DESCRIPTION OF THE TASK: Drop the pictures and extract exactly the lines from the one that contains "Tu amigo y vecino" through the end of the material.

DATA FOR THE TASK:
○ ○ ○ ○ ○ ○ ○
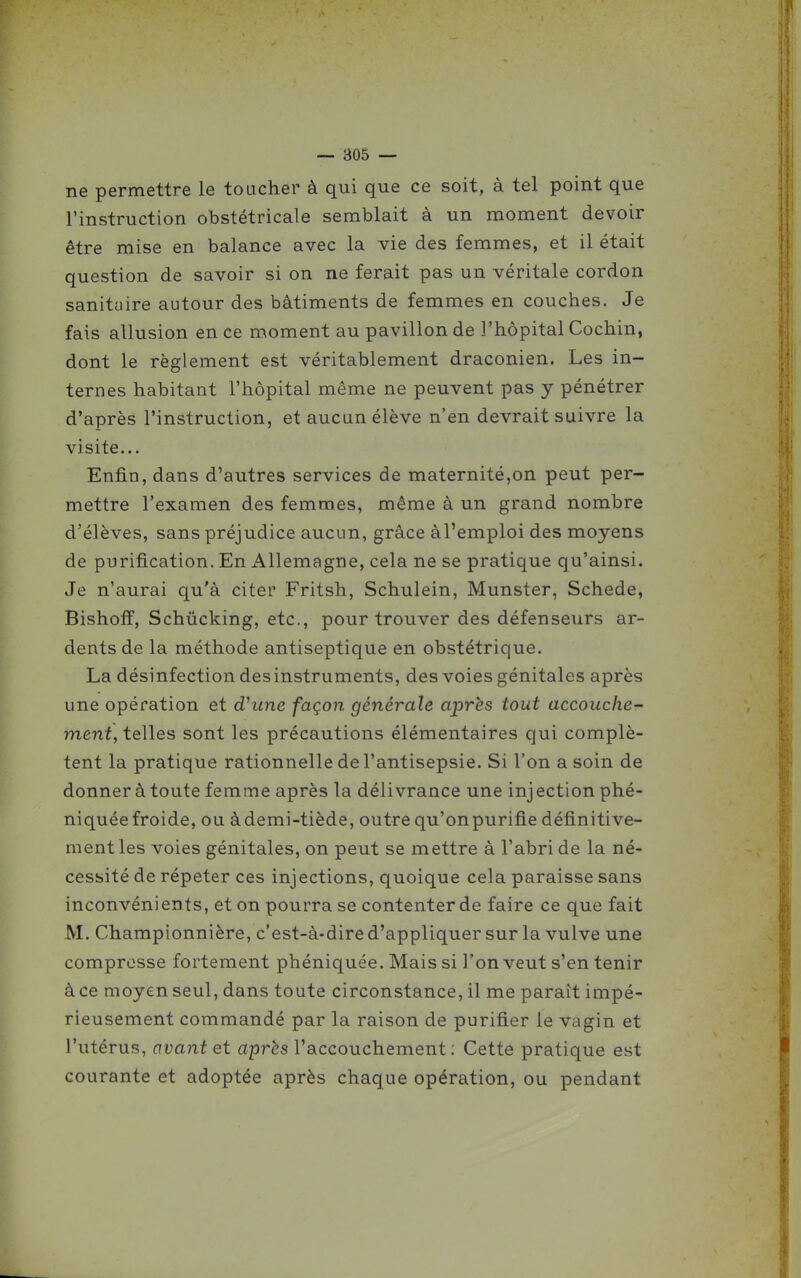 ne permettre le toucher à qui que ce soit, à tel point que l'instruction obstétricale semblait à un moment devoir être mise en balance avec la vie des femmes, et il était question de savoir si on ne ferait pas un véritale cordon sanituire autour des bâtiments de femmes en couches. Je fais allusion en ce moment au pavillon de l'hôpital Cochin, dont le règlement est véritablement draconien. Les in- ternes habitant l'hôpital même ne peuvent pas y pénétrer d'après l'instruction, et aucun élève n'en devrait suivre la visite... Enfin, dans d'autres services de maternité,on peut per- mettre l'examen des femmes, même à un grand nombre d'élèves, sans préjudice aucun, grâce àl'emploi des moyens de purification. En Allemagne, cela ne se pratique qu'ainsi. Je n'aurai qu'à citer Fritsh, Schulein, Munster, Schede, Bishoff, Schûcking, etc., pour trouver des défenseurs ar- dents de la méthode antiseptique en obstétrique. La désinfection des instruments, des voies génitales après une opération et dhtne façon générale après tout accouche- ment, teWes sont les précautions élémentaires qui complè- tent la pratique rationnelle de l'antisepsie. Si l'on a soin de donner à toute femme après la délivrance une injectionphé- niquée froide, ou àdemi-tiède, outre qu'on purifie définitive- ment les voies génitales, on peut se mettre à l'abri de la né- cessité de répeter ces injections, quoique cela paraisse sans inconvénients, et on pourra se contenter de faire ce que fait M. Championnière, c'est-à-dire d'appliquer sur la vulve une compresse fortement phéniquée. Mais si l'on veut s'en tenir àce moyen seul, dans toute circonstance, il me paraît impé- rieusement commandé par la raison de purifier le vagin et l'utérus, avant et après l'accouchement ; Cette pratique est courante et adoptée après chaque opération, ou pendant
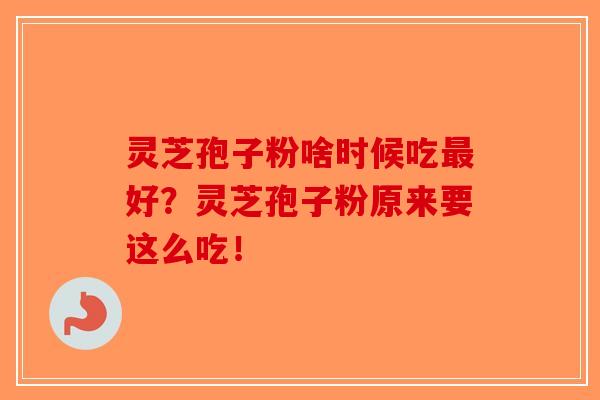灵芝孢子粉啥时候吃最好？灵芝孢子粉原来要这么吃！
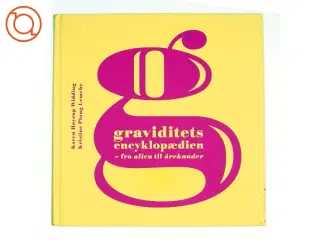 Graviditets encyklopaedien af Karen Høyrup Widding, Kristine Ploug Lemche, Christine Feldthaus (Bog)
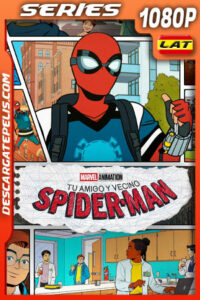 Tu amigo y vecino Spider-Man Temporada 1 (2025) 1080p WEB-DL Latino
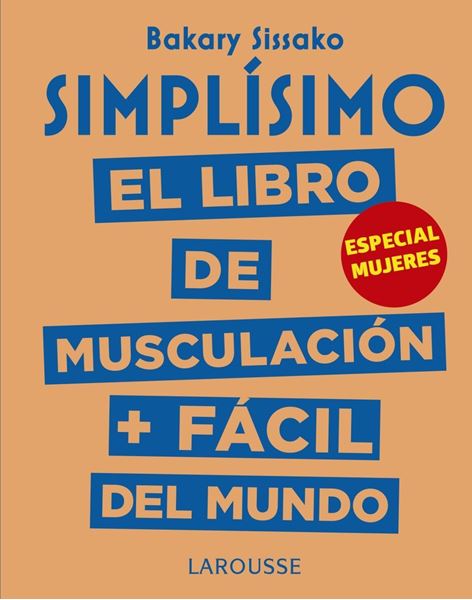 Simplísimo. El libro de musculación más fácil del mundo. Especial mujeres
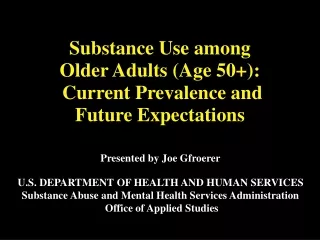 Substance Use among  Older Adults (Age 50+):  Current Prevalence and Future Expectations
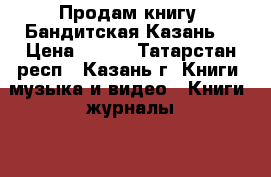 Продам книгу “Бандитская Казань“ › Цена ­ 500 - Татарстан респ., Казань г. Книги, музыка и видео » Книги, журналы   . Татарстан респ.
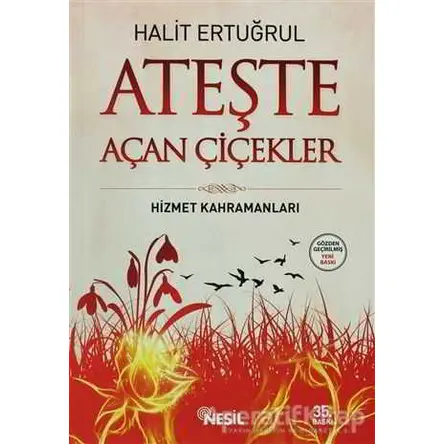 Ateşte Açan Çiçekler - Halit Ertuğrul - Nesil Yayınları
○ ○ ○ ○ ○ ○ ○
ANSWER SECTION:
 Tu amigo y vecino Spider-Man Temporada 1 (2025) 1080p WEB-DL Latino
 Simplísimo. El libro de musculación más fácil del mundo. Especial mujeres
 Substance Use among  Older Adults (Age 50+):  Current Prevalence and Future Expectations
 Продам книгу “Бандитская Казань“ › Цена ­ 500 - Татарстан респ., Казань г. Книги, музыка и видео » Книги, журналы   . Татарстан респ.
 Ateşte Açan Çiçekler - Halit Ertuğrul - Nesil Yayınları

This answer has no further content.